Figure 1. Distinct properties of HER2+ and HER2− CTC subpopulations from patients with advanced ER+/HER2− breast cancer.

(a) Quantitation by imaging flow cytometry of HER2+ and HER2− CTCs isolated from patients Brx-42, Brx-82. EpCAM (yellow) and HER2 (green). Scale bar: 10 μm. (b) Bimodal distribution of ERBB2 RNA-seq reads from single CTCs, Hartigans’ dip test p = 7.5e-6, n=22 (HER2− ≤ 1 read per million (RPM); HER2+ > 133, range 32–217). (c) IHC for HER2 (brown) in matched metastatic vs primary tumors (Brx-42, Brx-82, Brx-142) compared to HER2-amplified tumor (control). Scale bar: 100 μm; Tumor data (Supplemental Table 1). (d) FACS of cultured CTCs, showing discrete HER2+ and HER2− subpopulations.
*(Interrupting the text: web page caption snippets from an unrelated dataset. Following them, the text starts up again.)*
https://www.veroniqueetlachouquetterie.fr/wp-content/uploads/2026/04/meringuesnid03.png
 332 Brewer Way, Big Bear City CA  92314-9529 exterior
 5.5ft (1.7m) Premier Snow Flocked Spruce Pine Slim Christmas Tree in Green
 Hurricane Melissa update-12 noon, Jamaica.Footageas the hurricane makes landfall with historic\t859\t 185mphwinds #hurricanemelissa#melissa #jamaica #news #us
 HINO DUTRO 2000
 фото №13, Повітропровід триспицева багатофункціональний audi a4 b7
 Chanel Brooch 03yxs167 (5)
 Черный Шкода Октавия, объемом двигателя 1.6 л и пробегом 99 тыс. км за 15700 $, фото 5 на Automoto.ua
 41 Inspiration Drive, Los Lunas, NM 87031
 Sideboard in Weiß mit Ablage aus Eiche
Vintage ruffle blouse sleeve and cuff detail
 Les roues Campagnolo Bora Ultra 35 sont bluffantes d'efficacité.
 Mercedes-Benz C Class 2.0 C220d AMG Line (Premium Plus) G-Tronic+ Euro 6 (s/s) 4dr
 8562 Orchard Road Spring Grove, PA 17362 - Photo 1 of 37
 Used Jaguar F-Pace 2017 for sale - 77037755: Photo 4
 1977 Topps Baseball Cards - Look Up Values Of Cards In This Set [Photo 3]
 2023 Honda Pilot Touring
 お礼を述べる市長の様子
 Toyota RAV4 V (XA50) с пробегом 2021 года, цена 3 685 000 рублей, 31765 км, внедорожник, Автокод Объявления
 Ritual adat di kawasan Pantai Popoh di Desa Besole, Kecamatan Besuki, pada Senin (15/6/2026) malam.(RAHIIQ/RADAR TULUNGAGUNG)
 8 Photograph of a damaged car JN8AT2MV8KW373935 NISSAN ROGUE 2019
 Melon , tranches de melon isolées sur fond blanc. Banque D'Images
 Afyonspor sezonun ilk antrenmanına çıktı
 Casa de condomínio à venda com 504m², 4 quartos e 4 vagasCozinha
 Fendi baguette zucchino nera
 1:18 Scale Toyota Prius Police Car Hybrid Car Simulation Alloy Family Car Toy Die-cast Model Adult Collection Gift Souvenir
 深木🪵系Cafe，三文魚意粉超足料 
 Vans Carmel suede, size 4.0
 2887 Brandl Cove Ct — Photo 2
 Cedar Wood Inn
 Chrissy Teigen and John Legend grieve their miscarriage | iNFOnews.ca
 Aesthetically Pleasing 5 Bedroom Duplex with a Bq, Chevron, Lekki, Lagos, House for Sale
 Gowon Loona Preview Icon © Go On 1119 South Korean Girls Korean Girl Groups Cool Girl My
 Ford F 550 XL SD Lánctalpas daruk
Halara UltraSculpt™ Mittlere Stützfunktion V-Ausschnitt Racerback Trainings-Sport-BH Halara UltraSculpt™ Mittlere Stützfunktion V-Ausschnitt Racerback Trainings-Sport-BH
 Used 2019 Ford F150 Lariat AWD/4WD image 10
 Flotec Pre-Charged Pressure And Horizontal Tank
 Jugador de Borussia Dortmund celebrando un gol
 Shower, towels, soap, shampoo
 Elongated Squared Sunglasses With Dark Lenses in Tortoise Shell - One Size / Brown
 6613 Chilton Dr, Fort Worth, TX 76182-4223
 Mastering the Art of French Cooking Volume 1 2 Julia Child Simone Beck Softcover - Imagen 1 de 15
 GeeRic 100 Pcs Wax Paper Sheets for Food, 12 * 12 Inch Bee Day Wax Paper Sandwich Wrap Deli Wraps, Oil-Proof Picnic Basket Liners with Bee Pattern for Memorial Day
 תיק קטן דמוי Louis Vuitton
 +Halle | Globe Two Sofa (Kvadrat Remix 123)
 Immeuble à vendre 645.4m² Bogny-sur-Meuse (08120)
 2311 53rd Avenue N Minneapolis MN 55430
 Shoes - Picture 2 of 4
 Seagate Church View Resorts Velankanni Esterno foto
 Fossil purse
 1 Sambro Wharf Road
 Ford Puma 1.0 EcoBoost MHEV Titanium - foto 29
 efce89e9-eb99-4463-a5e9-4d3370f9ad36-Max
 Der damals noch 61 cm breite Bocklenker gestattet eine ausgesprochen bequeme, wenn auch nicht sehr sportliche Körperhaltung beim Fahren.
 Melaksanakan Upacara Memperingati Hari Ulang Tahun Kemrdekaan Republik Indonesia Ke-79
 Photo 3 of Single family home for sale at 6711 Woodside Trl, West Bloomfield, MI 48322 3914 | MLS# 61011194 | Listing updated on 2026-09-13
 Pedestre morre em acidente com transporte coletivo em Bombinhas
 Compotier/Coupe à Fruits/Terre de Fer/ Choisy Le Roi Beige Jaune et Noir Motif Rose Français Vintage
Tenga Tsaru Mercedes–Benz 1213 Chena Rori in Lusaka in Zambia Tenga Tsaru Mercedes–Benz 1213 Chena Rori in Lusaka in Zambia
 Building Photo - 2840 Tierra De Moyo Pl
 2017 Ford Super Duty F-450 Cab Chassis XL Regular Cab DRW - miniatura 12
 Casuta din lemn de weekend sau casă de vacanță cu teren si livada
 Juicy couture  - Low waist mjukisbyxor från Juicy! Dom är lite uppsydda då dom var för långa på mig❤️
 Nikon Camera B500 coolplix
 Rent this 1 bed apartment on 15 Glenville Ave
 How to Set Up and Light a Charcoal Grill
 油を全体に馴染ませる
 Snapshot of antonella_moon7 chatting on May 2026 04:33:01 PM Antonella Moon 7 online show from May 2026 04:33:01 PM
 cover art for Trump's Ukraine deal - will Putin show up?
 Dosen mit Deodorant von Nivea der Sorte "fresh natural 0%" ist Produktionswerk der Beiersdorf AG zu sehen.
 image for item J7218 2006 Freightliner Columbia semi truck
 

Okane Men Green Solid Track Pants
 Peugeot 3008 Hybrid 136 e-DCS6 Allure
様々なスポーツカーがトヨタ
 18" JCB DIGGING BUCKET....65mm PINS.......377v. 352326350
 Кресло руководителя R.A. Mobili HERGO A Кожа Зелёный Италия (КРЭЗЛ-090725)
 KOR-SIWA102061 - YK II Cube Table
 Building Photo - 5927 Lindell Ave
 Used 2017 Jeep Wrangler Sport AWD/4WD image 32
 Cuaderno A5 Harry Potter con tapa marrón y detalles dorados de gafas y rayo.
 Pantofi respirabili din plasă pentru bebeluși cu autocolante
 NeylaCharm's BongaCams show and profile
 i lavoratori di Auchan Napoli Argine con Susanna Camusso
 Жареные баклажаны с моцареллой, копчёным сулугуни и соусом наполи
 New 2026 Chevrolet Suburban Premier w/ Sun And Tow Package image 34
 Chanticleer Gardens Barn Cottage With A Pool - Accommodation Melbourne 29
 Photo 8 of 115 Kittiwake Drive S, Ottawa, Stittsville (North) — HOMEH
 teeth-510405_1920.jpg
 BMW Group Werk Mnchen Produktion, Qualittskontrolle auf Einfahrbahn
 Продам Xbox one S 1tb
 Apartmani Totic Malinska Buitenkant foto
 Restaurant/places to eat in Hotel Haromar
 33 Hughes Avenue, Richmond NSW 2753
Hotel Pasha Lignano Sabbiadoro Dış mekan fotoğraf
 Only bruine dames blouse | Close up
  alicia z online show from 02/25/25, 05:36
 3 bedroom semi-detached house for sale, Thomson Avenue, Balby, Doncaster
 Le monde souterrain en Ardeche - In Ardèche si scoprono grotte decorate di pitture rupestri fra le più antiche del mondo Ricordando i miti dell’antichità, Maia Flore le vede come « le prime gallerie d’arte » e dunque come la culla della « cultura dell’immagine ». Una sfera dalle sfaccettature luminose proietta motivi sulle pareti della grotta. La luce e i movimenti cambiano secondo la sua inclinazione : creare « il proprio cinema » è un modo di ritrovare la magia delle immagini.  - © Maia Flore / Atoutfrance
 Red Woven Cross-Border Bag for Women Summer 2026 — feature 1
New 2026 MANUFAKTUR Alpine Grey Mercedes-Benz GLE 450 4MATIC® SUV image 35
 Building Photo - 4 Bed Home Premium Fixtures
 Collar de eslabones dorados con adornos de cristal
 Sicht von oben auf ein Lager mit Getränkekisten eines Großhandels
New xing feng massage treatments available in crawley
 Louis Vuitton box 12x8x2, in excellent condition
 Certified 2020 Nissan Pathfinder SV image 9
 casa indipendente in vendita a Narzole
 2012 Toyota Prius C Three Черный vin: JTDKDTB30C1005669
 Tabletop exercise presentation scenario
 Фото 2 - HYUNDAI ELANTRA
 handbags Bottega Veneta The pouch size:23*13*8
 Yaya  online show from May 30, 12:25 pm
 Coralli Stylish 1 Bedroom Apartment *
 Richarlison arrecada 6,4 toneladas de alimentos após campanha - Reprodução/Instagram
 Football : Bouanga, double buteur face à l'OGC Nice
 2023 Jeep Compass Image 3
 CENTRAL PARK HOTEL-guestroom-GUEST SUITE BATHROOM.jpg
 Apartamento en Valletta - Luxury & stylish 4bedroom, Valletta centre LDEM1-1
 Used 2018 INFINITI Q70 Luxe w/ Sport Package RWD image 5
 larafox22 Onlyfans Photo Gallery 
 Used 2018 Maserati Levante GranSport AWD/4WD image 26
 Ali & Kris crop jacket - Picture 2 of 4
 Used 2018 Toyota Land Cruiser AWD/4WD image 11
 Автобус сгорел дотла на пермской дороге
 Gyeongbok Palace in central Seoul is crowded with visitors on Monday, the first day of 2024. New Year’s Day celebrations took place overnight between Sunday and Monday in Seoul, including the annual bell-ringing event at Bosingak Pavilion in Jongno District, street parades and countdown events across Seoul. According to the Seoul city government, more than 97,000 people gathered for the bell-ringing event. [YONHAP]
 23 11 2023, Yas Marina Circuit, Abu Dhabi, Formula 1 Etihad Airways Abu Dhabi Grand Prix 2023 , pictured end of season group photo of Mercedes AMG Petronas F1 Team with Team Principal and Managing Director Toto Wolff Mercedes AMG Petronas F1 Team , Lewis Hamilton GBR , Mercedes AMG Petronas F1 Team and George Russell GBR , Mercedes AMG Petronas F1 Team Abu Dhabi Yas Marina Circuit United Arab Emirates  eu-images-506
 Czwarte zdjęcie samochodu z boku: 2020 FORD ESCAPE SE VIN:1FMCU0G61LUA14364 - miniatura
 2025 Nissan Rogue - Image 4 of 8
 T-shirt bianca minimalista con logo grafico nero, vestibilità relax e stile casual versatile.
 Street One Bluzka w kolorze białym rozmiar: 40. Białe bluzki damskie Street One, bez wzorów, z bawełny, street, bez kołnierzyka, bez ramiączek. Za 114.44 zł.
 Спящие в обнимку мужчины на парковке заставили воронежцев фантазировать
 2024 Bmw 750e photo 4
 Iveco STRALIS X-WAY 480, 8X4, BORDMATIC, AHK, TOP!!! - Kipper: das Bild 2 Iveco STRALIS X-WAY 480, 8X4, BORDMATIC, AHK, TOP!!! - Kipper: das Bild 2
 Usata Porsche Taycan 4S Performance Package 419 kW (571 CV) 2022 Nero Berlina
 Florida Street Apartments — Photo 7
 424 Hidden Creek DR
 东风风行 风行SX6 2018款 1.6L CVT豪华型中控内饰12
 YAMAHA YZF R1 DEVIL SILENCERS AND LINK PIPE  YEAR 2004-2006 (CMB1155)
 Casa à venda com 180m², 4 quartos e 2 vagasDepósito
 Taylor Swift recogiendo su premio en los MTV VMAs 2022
MDA-231 (TNBC) and SKBR3 (HER2-amplified) cells are shown as control. (e) Differential proliferation of FACS-purified HER2+ (red) and HER2− (blue) subpopulations from cultured CTCs; Two-way ANOVA p < 0.01 (Brx-82), p < 0.0001 (Brx-142); n=6; S.D. (error bar). (f) Increased in vivo growth of orthotopic mammary tumors derived from FACS-purified, HER2+ CTCs compared with HER2- cells; n=8; Two-way ANOVA p < 0.0001; S.D. (error bar).